The hub, run by police officers for the National Police Chiefs Council, will work to ensure online cases are managed effectively and efficiently.
It will clearly set out the force responsible for further action in each case, removing any uncertainty which could arise when, for example, a victim is located in one area, with the alleged perpetrator in another.
Specialist officers will provide expert case management and better support and advice to victims of online hate crime. The hub will ensure all online cases are properly investigated and will help to increase prosecutions for online hate crimes.
The Home Secretary said:
“Online hate crime is completely unacceptable. What is illegal offline is illegal online, and those who commit these cowardly crimes should be met with the full force of the law.
“The national online hate crime hub that we are funding is an important step to ensure more victims have the confidence to come forward and report the vile abuse to which they are being subjected.

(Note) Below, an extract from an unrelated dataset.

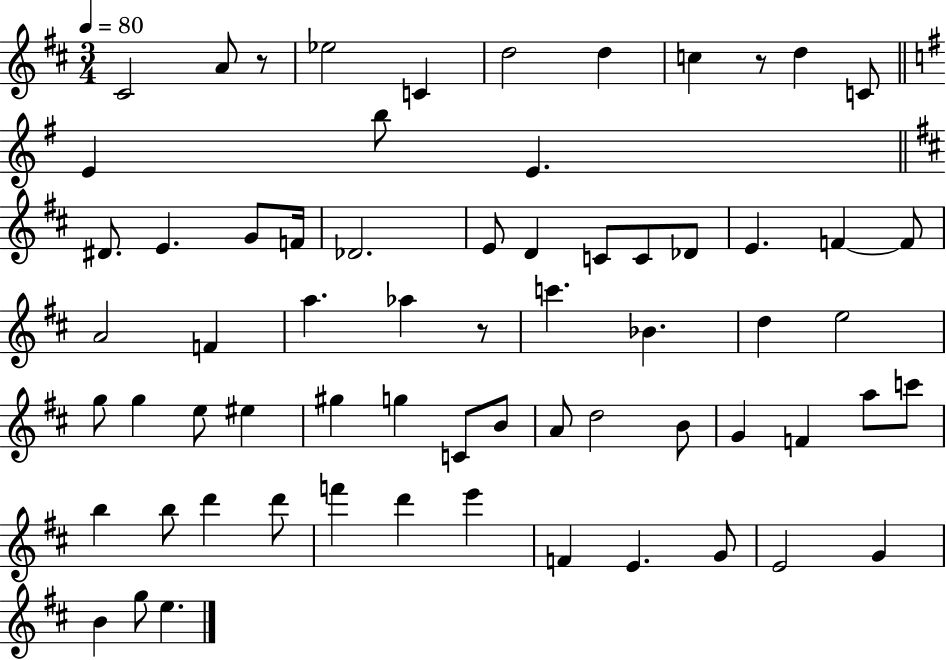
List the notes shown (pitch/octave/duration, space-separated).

“The hub will also improve our understanding of the scale and nature of this despicable form of abuse. With the police, we will use this new intelligence to adapt our response so that even more victims are safeguarded and perpetrators punished.”

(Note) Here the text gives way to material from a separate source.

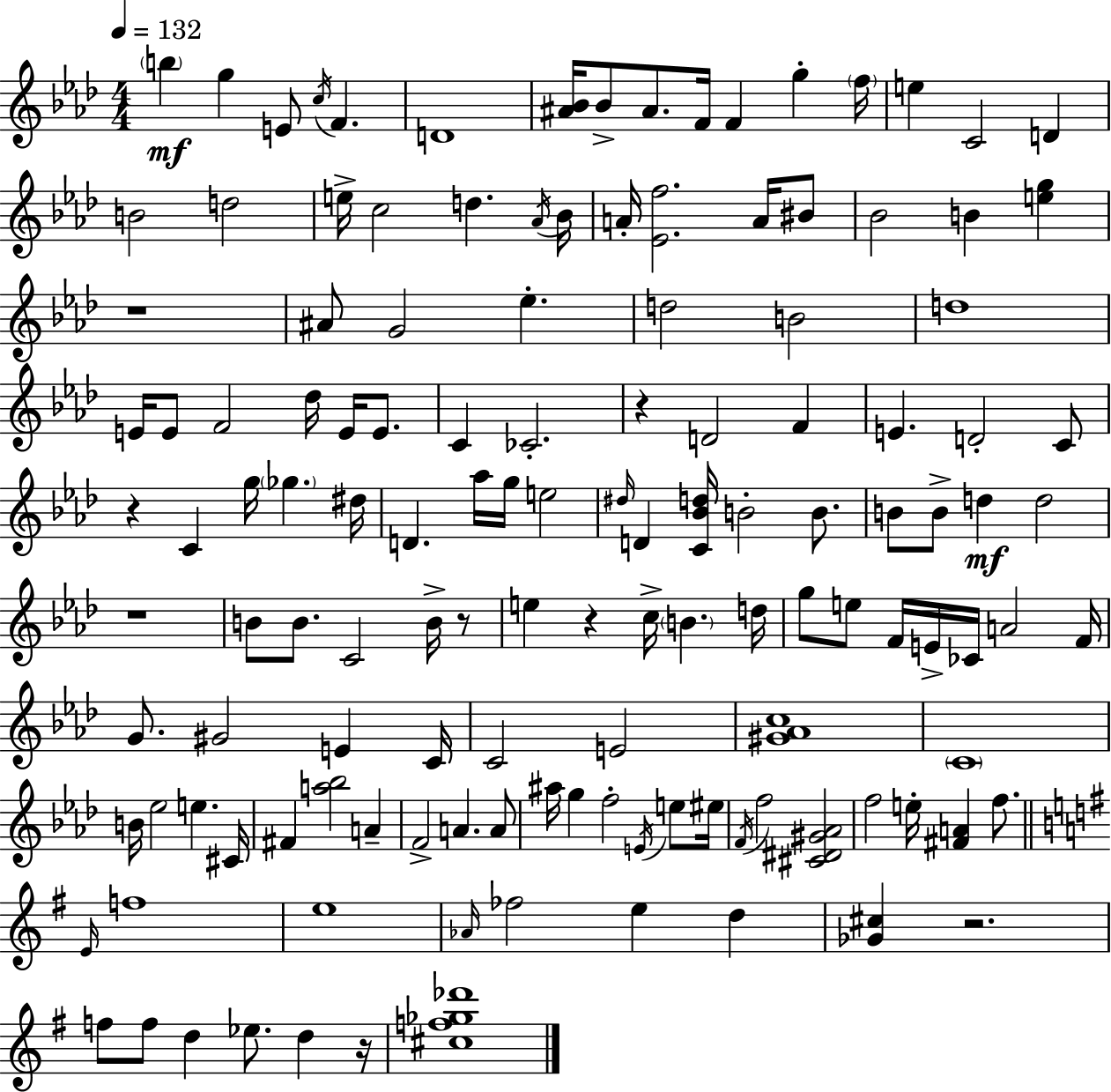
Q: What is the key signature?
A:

The hub’s primary aim is to improve the police response to the problem of hate crime online. Following referral to the national hub via Truevision, the police website to report hate crime, individual complaints will be assessed, and relevant cases will be assigned to the appropriate local force for investigation. As such the hub will streamline and simplify current processes, avoid duplication, make full use of expertise and reduce the burden of online hate crime investigation on local forces.

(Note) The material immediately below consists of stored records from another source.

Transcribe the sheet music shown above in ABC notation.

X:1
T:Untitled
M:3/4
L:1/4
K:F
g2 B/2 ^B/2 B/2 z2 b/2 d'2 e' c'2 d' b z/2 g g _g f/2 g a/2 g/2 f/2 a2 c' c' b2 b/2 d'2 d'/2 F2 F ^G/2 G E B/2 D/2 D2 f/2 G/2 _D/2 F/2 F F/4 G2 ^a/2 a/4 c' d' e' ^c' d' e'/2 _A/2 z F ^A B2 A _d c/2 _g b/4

Victims will be kept updated throughout, as police forces seek to bring perpetrators to justice.
National Police Chiefs’ Council Lead for Hate Crime, Assistant Chief Constable Mark Hamilton said:
“Whether online or in person, nobody should have to live with threats and hatred because of who they are. Hateful abuse online can leave victims with significant psychological harm, but can also lead to more serious physical offences, so police need to be able to intervene at the earliest possible stage to reassure victims that we will act to protect them.
“This new national hub will enable a small team of specialist officers to significantly improve the service we provide to victims, reduce the burden on frontline officers, and help bring more offenders to justice. We recognise and will uphold the right to free speech even where it causes offence – but this does not extend to inciting hatred or threatening people.
“Nobody should suffer in silence and we continue to urge people to come forward and report hateful abuse to police so that we can act to safeguard victims and investigate the perpetrators.”
The national online hate crime hub will:
- Assess whether the circumstances related to a crime or non-crime incident;
- Combine duplicate reports;
- Seek to identify the perpetrator;
- Refer appropriate cases to online platforms hosting external content, such as social media companies, so that hateful material can be removed;
- Feed any intelligence into the wider National Intelligence Model, the police data base which gathers intelligence on a wide range of crimes, to guide policing strategies and inform forces’ priorities;
- Produce an evidence package for local recording and response where there is a positive line of enquiry;
- Update the complainant with progress and explain where there is no enforcement action possible; and
- Advise local police colleagues on effective responses. The hub could develop and drive best practice through the network of hate crime leads in individual forces.
It is expected to be operational before the end of the year.